A few seconds later, he found himself standing upright with Butch’s help. Tommy and the little girl who’d fallen down the steps with him were snuggled together under his tool bench. He was happy to see them, and desperate to see his wife.
“I’ve got to get up those steps.” Ezra pointed to the staircase out of the basement. Above, where the door should have been, there was only an orange glare, presumably from a fire. Susan needed his help.
“Can you walk?” Butch asked. “You’ve been out for at least ten minutes.”
“Ten minutes?” he slurred. “I’m fine.” To prove it, he broke free of Butch’s grip and took a few steps. Some of the people in the basement set up flashlights pointed at the ceiling, providing the bare minimum of light to see where he stepped. Lots of refugees sat on the floor where he didn’t expect, so it really helped. Once he reached the stairs, his head felt a lot better. Instead of a debilitating migraine, it had gone down to an annoying headache. He glanced back. “See?”
Without waiting, he walked up the steps. There was no ceiling left, and no second floor, either. The sheered-off walls of the house stood next to the gap left by the missing basement door, but the higher up he went, the more he realized there wasn’t much house le
ft. Despair pooled in his gut as he crept to the top.
“Susan?” he asked wearily.
When he reached the landing, all hope drained out of his bones.

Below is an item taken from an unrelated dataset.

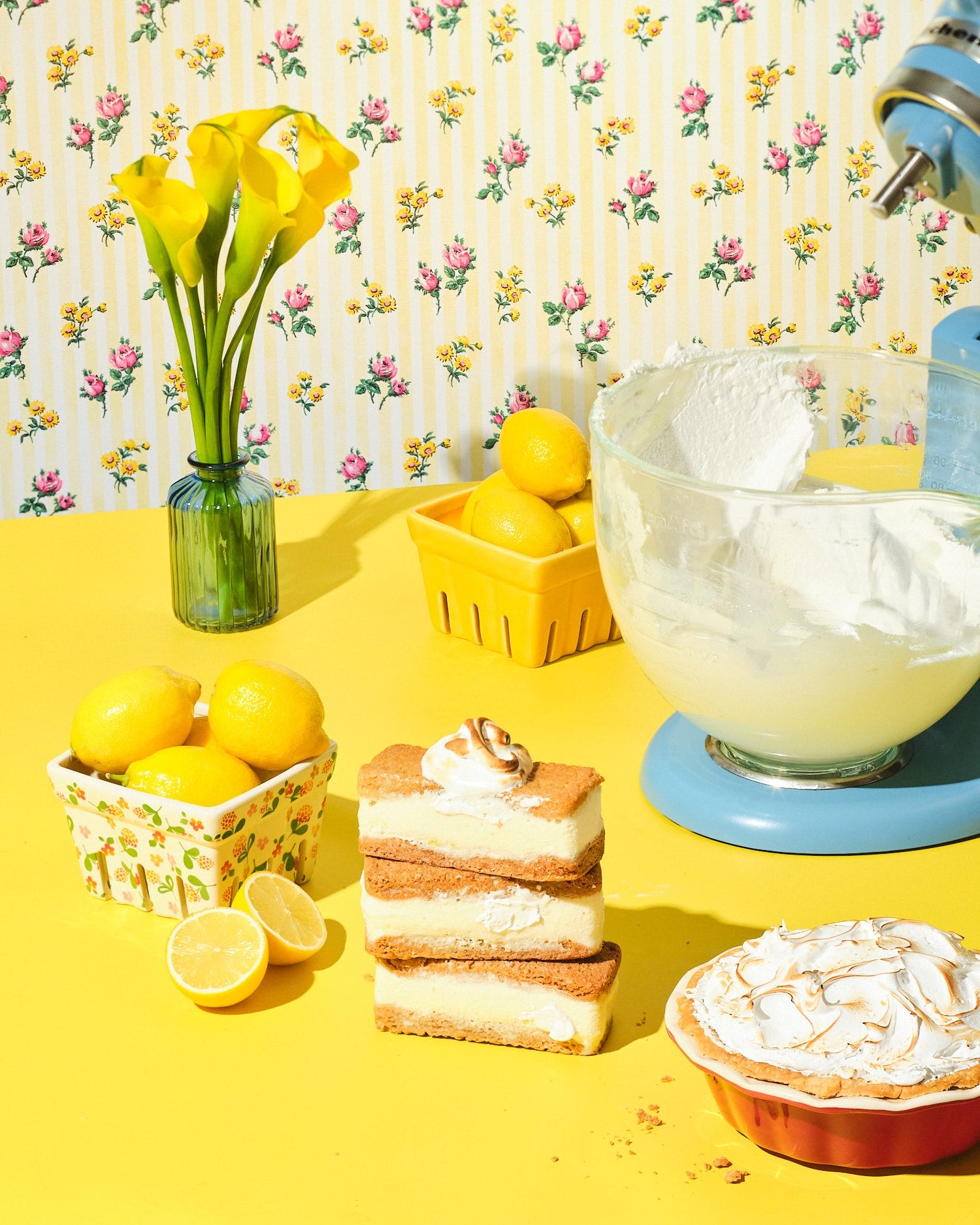 Limited Edition Lemon Meringue Pie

Happy Cove subdivision was bathed in the orange light from fires raging in the forest across Kentucky Lake. The shockwave had come through like before, except it went in the opposite direction, and it was far more thorough. Whereas the previous one stripped leaves and branches from stout trees, this one stripped houses and garages from their foundations. The brick ranch home across the street was left with nothing but three-foot walls.
“Good God,” he lamented as he scanned three hundred and sixty degrees. Most of his neighbor’s houses were gone. Construction debris and home furnishing remains were strewn all over the lawns and in the street as if each house had sneezed them out in the same direction. Some of the tallest and oldest trees were tipped over, also in that same direction. Oddly enough, his boat dock had blown out of the water and now rested in the front yard of someone a few doors down. Without any landmarks he found it difficult to say whose house it used to be.

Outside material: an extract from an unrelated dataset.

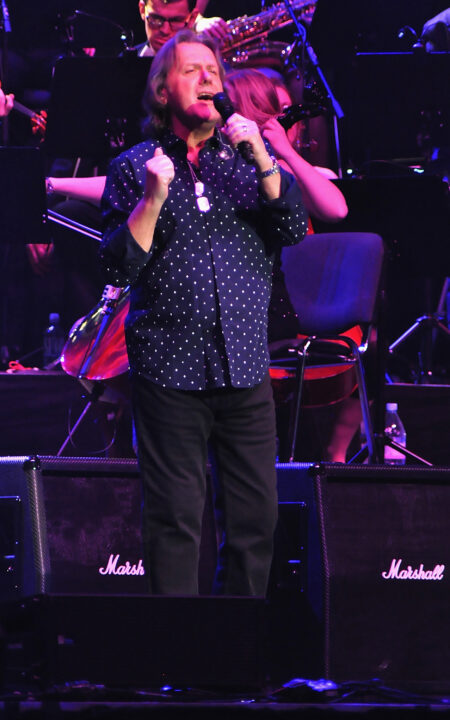 <> at Wiener Stadthalle on March 23, 2015 in Vienna, Austria.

“Ezra?” a weak voice cried out.
He jumped into action and followed it to the source. A woman’s foot poked out from a mess of debris piled against what was left of the front wall of the house. He shoved aside half of a leather couch, tossed over the small wooden kitchen table, and pulled drapes and window framing off the struggling woman. When he finally got a look at her, he wished it would have been someone else. Susan had been crushed in multiple places by all the junk.
“Oh no,” he bleated, betraying his normally reserved emotions.
“It’s you,” she said. “Did my little girl make it?”
“Gracie?” he asked, surprised at the question. “She’s in Wyoming.”
“I know, you silly man …” She coughed in a way that appeared painful. “I’m talking about the girl I tossed to you. You caught her, right?”